## Input data
########################################

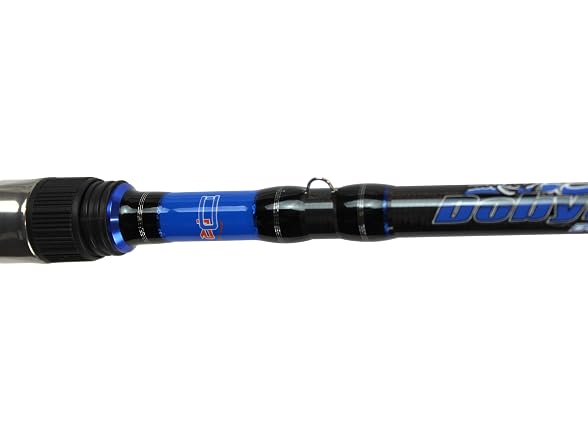 Dobyns Maverick Casting 7'3" 12-25lb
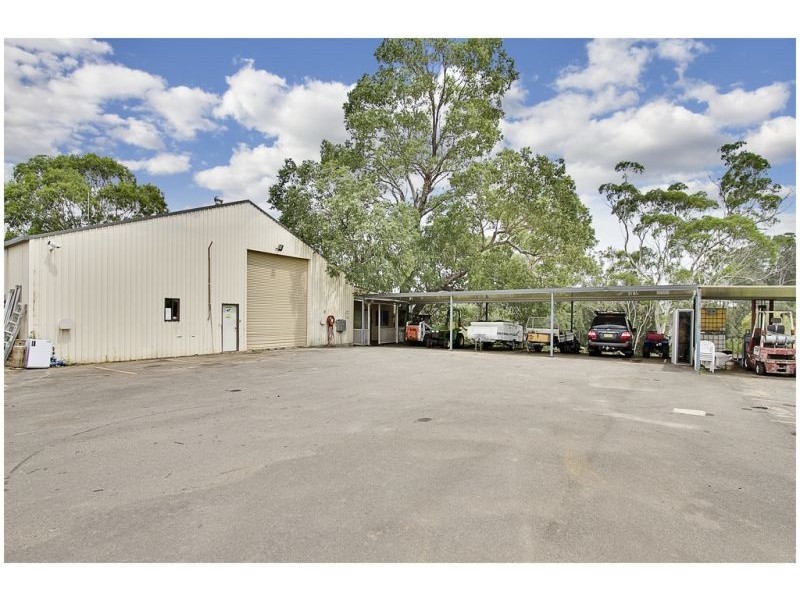 Shanes Park NSW 2747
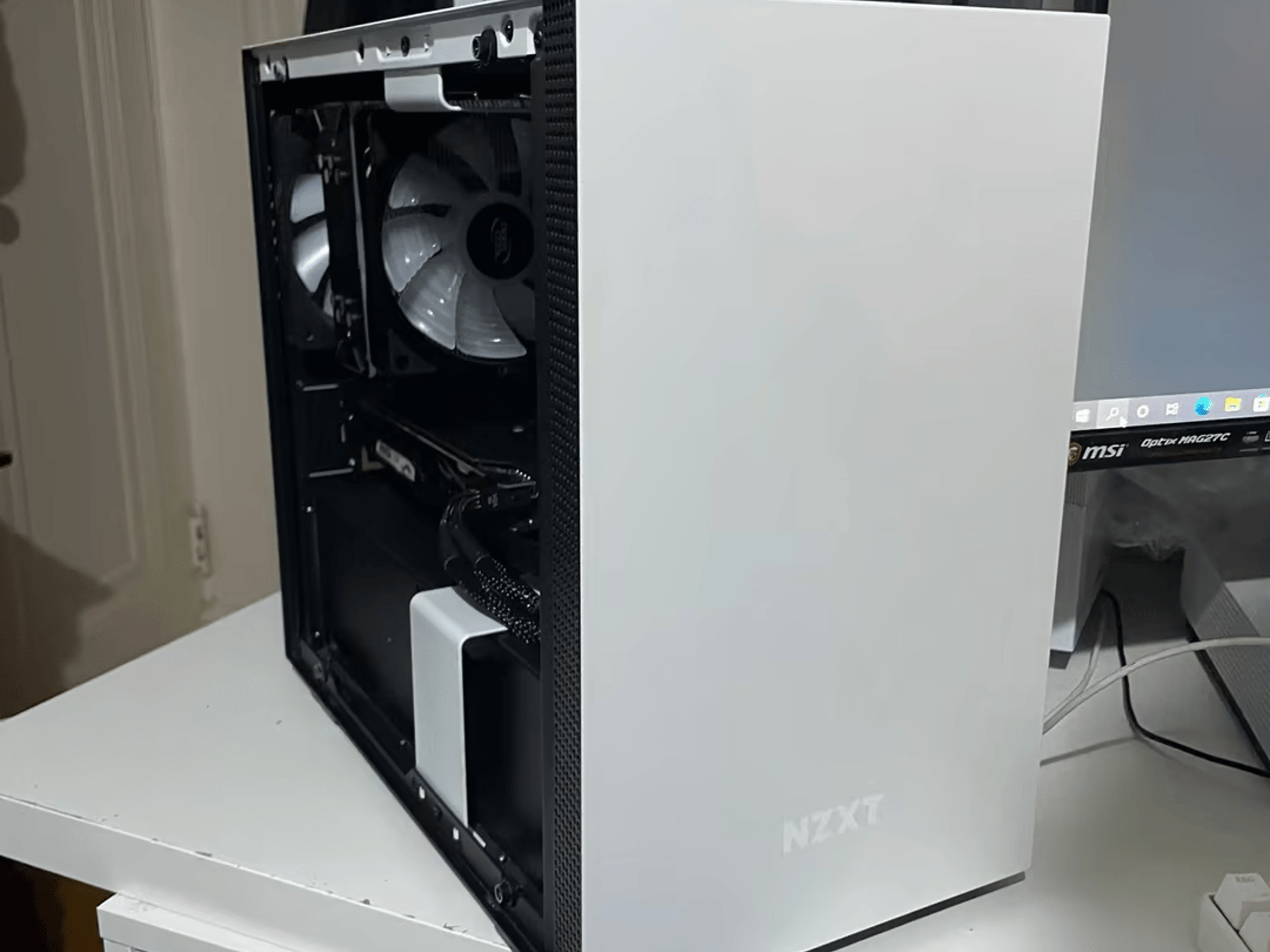 Budget Starting/Mid Level Gaming PC ( Ryzen 3 + GTX 1660)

########################################

## Work required
The answer is the listing above repeated verbatim, minus its images.

## Task response
 Dobyns Maverick Casting 7'3" 12-25lb
 Shanes Park NSW 2747
 Budget Starting/Mid Level Gaming PC ( Ryzen 3 + GTX 1660)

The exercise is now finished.